The Economic Stimulus Act of 2008, a $168 billion tax package designed to jump-start the economy, was signed into law by President Bush on February 13. While the main feature of the package is tax rebate checks for individuals ($150 billion of the total package), it contains some important tax breaks for businesses. How the stimulus package applies to your business…
Under the new law, small businesses are eligible for greater first-year expensing of equipment purchases (also called the Section 179 deduction). The goal of this incentive is to stimulate the economy by inducing companies to buy more equipment.
The dollar limit on expensing of equipment placed in service in 2008 is $250,000, rather than the $128,000 limit that had been scheduled for 2008. The new limit is double the expensing limit ($125,000) that applied in 2007.
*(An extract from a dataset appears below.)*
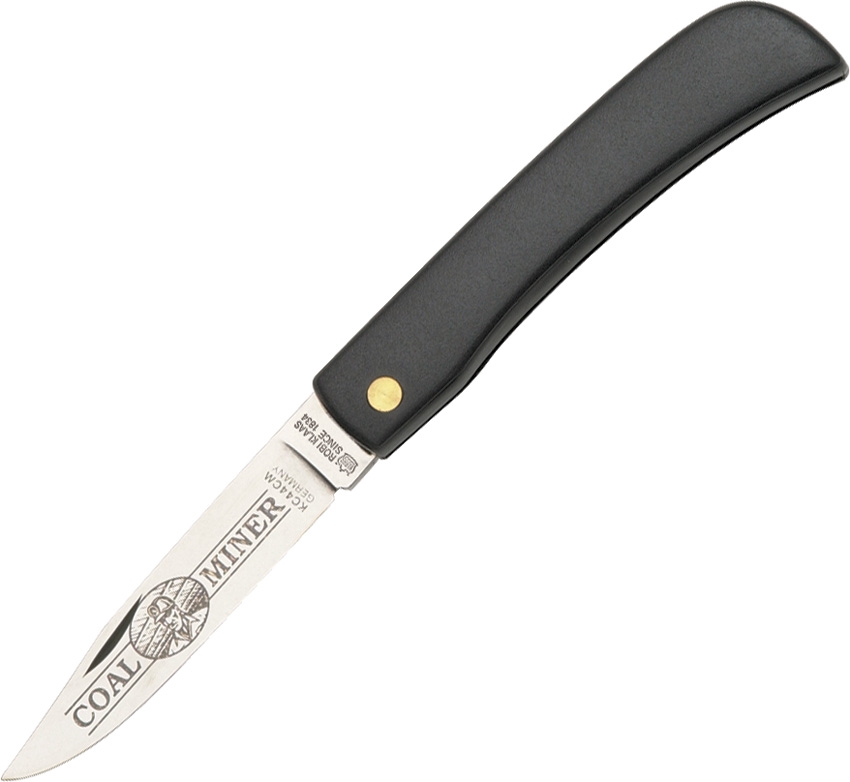 Klaas KC44CM Coal Miner Knife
The deduction phases out for total purchases exceeding $800,000 — the $250,000 expensing limit is reduced by one dollar for each dollar spent on equipment over this limit. Thus, a business with equipment purchases in 2008 of $900,000 would be limited to an expensing deduction of $150,000 ($250,000 minus the $100,000 spent over the $800,000 threshold). No deduction can be claimed once total purchases top $1,050,000 in 2008.
What can be expensed: “Equipment” for this purpose means tangible personal property, such as computers, office furniture, machinery, and large trucks. It also includes “off-the-shelf” (rather than custom designed) software.
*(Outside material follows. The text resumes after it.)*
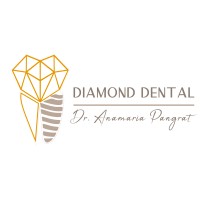 Diamond Dental - Stomatologie Constanta logo - Similar company to Elegant Word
Example: If a trucking company purchases and places in service in 2008 a trailer truck costing $160,000, the entire purchase price can be expensed.
Equipment can be new or used. However, expensing applies only to the first year that the equipment is placed in service by the taxpayer. This means that personal equipment converted to business use does not qualify for expensing. For instance, if you have a computer that you own personally but that you start to use for business in a home office, it cannot be expensed.
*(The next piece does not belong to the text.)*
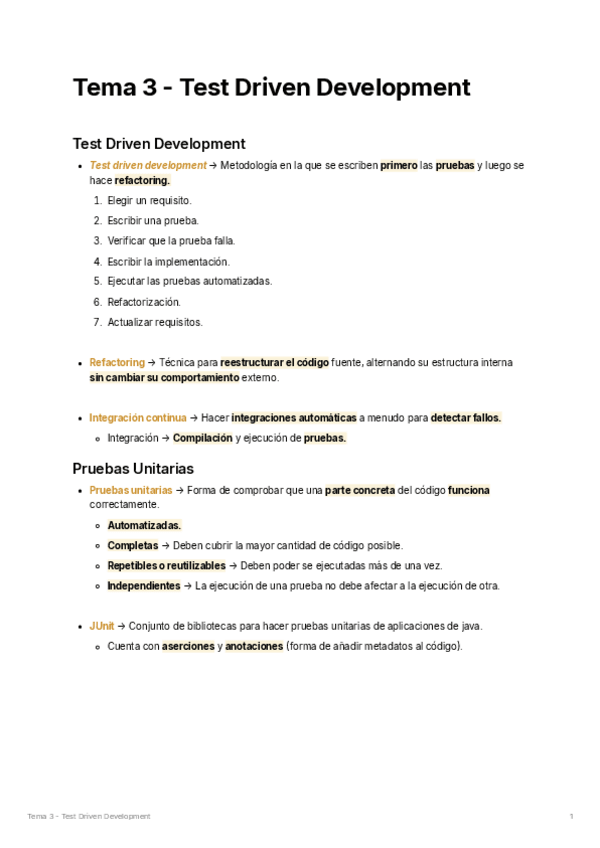 Miniatura del documento Tema-3-Test-Driven-Development.pdf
Saver: The lower of either what you paid or fair market value at the time of conversion to business use can still be depreciated over a five-year recovery period.
Expensing is not automatic — it must be elected on Form 4562. Caution: Expensing produces a tax savings only if the business is profitable for the year. If the business is not profitable, it’s better not to elect expensing and, instead, to depreciate the equipment so that depreciation deductions will be available in future profitable years.
Note: Expensing can be used even if the equipment’s purchase price is financed in whole or in part.
Under the new law, businesses are entitled to claim 50% bonus depreciation for eligible property (see below) placed in service in 2008. This means that half the cost of the property can be deducted in the first year, along with any additional depreciation on the other half of the property’s cost, as well as any first-year expensing (if applicable).
Example: If a company spends $450,000 on improvements that it makes to leased property in 2008, it can deduct $225,000 and depreciate the balance of $225,000. Assuming that the balance has a 15-year depreciation recovery period (the 15-year recovery period expired at the end of 2007 but is expected to be extended), then the depreciation deduction for 2008 is $15,000 ($225,000 divided by 15 years). The total deduction for 2008 is $240,000 ($225,000 bonus depreciation plus $15,000 regular depreciation).
Bonus depreciation applies to most tangible personal property (technically, property with a depreciation recovery period of less than 20 years), off-the-shelf software, and qualified leasehold improvements.
Qualified leasehold improvements are improvements to the interior portion of commercial property made more than three years after the building was placed in service.
Caution: Only new property is eligible for bonus depreciation — used property does not qualify for this tax break.
Bonus depreciation merely affects the timing of depreciation deductions — it does not provide greater total write-offs for property acquisitions. You are not required to use bonus depreciation — you can opt to use only regular depreciation to save deductions for future years when you may be in higher tax brackets.
BUSINESS CAR DEDUCTIONS
Cars and light trucks weighing no more than 6,000 pounds and used for business can be depreciated only up to a fixed dollar limit annually. The IRS sets these limits each year.
New: The dollar limit on depreciating business cars and light trucks placed in service in 2008 is increased by $8,000. Thus, if the standard first-year depreciation limit for a new passenger car turns out to be $3,060 (the 2007 amount — the exact number has not yet been announced for 2008), the total depreciation limit for the vehicle for 2008 would be $11,060.
To use the $8,000 added dollar limit, business use of the vehicle must exceed 50% of its total use. Also, the dollar limit applies only to new vehicles — the purchase of a used vehicle does not qualify.
The biggest benefit that your business may see from the new law is higher sales. If taxpayers use their rebate checks to buy your goods or services, then you will see greater profits in 2008.
Rebate checks will not be sent until May or June, so it may be several months before money trickles into business coffers.
What you can do: Target your marketing efforts to capture “rebate dollars.” For example, offer special rebate sales promotions.
Downside: Because of the income limits placed on eligibility to receive rebate checks, many business owners themselves will not get personal rebate checks — their income is too high. Eligibility to receive any check is phased out once 2007 adjusted gross income exceeds $87,000 for single filers and $174,000 on a joint return. Also, high-income taxpayers who do not qualify to receive the basic rebate check will not receive the additional $300 check that the new law provides for each child.